Tuesday


      When I woke up this morning, I could feel the sun piercing through my body as if I were to it but a TV dinner, roasting in its radioactive womb. I could feel my skin getting tighter and browner. I tilted my already sweating head backwards, further into my pillow, sensing my insides turning into a creamy, molten center. My body would not have been cooking so quickly were it not for the remnants of dreams experienced in my sleepy brain last nite. The secret ramblings of my unconscious mind had manifested themselves into a coating, covering my body. I was a chocolate bunny, hollow on the inside with a tendency to melt. In my mind I was still trekking over barren arctic tundra, climbing Mount Everest, marking the summit with a flag made of shag carpet. I felt the sudden urge to get out of my bed and shake these odd and impossible feelings off as a rebellious dog would do after lazily exiting a public swimming pool. I would have done just that had it not been for the overwhelming fear of knocking something off of my dresser or bedside table. All objects around me seemed blurry and indistinct due to the sun’s unusually intrusive brilliance. Instead of getting up and facing the morning, however, I decided to go back to bed and dream a little more. As an entrée I was not yet ready to ingest and as a human being I was yet to be fulfilled to the extent that was promised to me upon entry into this world.
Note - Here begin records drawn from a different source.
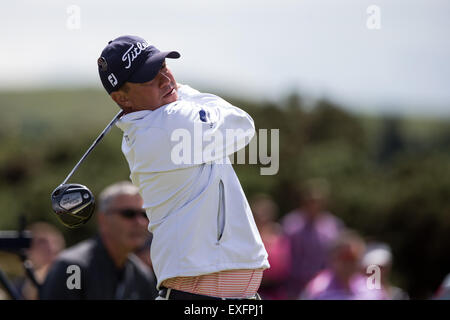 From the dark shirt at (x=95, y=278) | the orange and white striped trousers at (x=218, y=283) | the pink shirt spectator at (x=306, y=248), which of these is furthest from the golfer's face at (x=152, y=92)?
the pink shirt spectator at (x=306, y=248)

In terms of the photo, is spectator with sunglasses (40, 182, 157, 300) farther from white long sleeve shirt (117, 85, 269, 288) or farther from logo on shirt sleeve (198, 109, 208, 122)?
logo on shirt sleeve (198, 109, 208, 122)

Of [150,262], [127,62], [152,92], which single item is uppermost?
[127,62]

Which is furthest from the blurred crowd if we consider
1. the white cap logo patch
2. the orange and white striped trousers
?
the white cap logo patch

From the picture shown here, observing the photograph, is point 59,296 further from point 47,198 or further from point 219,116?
point 47,198

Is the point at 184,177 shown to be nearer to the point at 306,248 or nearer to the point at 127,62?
the point at 127,62

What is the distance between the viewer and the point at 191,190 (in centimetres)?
369

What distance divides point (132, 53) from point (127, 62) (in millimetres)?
62

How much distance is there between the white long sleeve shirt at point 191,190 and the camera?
143 inches

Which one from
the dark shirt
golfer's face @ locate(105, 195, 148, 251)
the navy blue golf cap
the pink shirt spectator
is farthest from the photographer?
the pink shirt spectator

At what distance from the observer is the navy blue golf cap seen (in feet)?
12.3

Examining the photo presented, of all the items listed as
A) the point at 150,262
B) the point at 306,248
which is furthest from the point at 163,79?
the point at 306,248

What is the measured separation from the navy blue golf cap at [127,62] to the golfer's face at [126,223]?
7.49 feet

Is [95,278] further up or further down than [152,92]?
further down

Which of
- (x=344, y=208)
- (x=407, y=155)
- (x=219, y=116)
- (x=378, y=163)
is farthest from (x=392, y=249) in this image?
(x=219, y=116)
I simply closed my eyes and let the sun pass over my house until it didn’t hurt any longer…
      When I awoke for the final time, about three hours later, well into the mid-afternoon, I had become aware that the sun had chosen to relieve itself on the roof of my house rather than through the panes of my bedroom window. That summer soldier was heating my house a couple of degrees, thus giving me incentive to peeling myself off my floor, opening the misshapen wooden door which separates my room from the rest of my very hot house and actually maneuvering the hallways and staircases of my modern, lonely existence.
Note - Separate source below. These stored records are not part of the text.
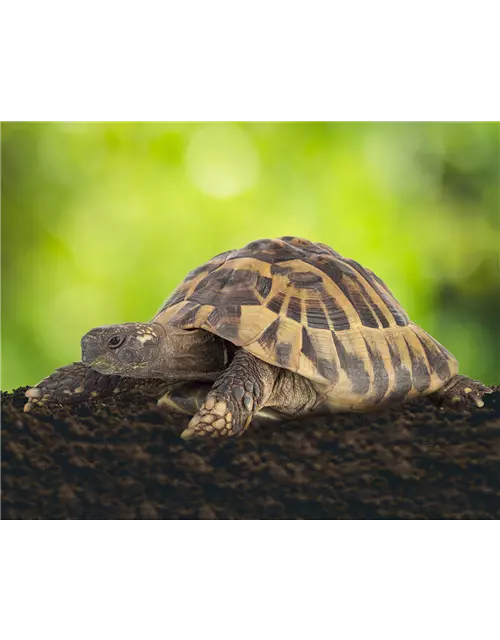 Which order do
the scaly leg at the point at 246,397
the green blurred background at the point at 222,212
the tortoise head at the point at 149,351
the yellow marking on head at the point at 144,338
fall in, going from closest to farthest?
1. the scaly leg at the point at 246,397
2. the tortoise head at the point at 149,351
3. the yellow marking on head at the point at 144,338
4. the green blurred background at the point at 222,212

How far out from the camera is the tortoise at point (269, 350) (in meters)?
3.24

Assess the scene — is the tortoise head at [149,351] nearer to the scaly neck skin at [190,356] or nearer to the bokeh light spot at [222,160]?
the scaly neck skin at [190,356]

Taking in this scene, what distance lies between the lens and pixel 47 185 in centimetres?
412

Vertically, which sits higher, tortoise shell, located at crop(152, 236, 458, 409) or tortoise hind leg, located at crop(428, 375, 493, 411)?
tortoise shell, located at crop(152, 236, 458, 409)

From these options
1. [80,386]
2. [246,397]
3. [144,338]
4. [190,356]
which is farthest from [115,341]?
[80,386]

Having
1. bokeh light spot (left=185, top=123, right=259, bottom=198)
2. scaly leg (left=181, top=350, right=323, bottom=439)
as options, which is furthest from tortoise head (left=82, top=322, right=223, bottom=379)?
bokeh light spot (left=185, top=123, right=259, bottom=198)

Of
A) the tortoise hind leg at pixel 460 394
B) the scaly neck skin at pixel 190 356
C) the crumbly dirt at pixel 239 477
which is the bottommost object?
the crumbly dirt at pixel 239 477

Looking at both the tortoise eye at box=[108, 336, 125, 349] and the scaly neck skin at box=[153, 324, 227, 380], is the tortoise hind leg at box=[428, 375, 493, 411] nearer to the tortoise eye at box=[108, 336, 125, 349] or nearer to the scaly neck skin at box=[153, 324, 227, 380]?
the scaly neck skin at box=[153, 324, 227, 380]

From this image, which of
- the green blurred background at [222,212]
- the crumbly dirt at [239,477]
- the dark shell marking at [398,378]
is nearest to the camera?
the crumbly dirt at [239,477]

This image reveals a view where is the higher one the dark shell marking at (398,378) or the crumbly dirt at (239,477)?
the dark shell marking at (398,378)

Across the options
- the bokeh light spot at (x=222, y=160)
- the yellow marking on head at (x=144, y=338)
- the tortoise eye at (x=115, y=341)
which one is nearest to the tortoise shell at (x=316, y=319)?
the yellow marking on head at (x=144, y=338)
      My parents, whom I called “Mother” and “Stan”, are out of town for the weekend at a casino in the next state over. One would think that I would take advantage of the situation, me being the young, strapping nineteen-year-old boy that I am, making plans and calling people, organizing a large event in which people will do many “crazy” things that I’m sure I will remember until I’m twenty-five, at which point I will stop thinking about them and get on with my life. No, sadly I am going to stay home today and roast in contemporary convenience. For today (and maybe tomorrow) I will give myself completely to media saturation. How else is a product of the modern age going to spend his lazy Tuesday afternoon? Outside? No, my day for going outside will be exactly two weeks from next Friday. I plan to go down to the local river with just a blanket and some bread. I plan to let the mindless babbling of the river soothe my overactive thoughts. I plan to let the struggle of the fish inspire me to give up this life of passivity that I not only live but let live for me. Perhaps if I actually achieve the day I have been planning for years, where my soul will be better compared to a placid lake rather than a boiling pot of water on the proverbial stove top of life, I will lead more days like that, replacing my television set with nature and my remote control with a walking stick. But right now, I’m still planning.
      For now, however, for today the outside world has but one name: static. The real world for the next eight and half hours is falsified, synthetic, easier to handle. On Channel 8 I see a pack of huskies racing across the ice, moving faster with every whip of their master. On Channel 22 I see a cartoon of a monkey climbing a mountain on the southern face of Mars, shooting stars flying around him, never touching him as he screams and claps in jubilation. And when my eight and half hours are up, I’ll look up to the antenna on my roof, wide-eyed and ask “please Sir, can I have some more?” like that kid Oliver did in that movie I can’t recall the name of. And when I get no answer I’ll simply slump back down in my slump and utter “God, it’s hot in here.”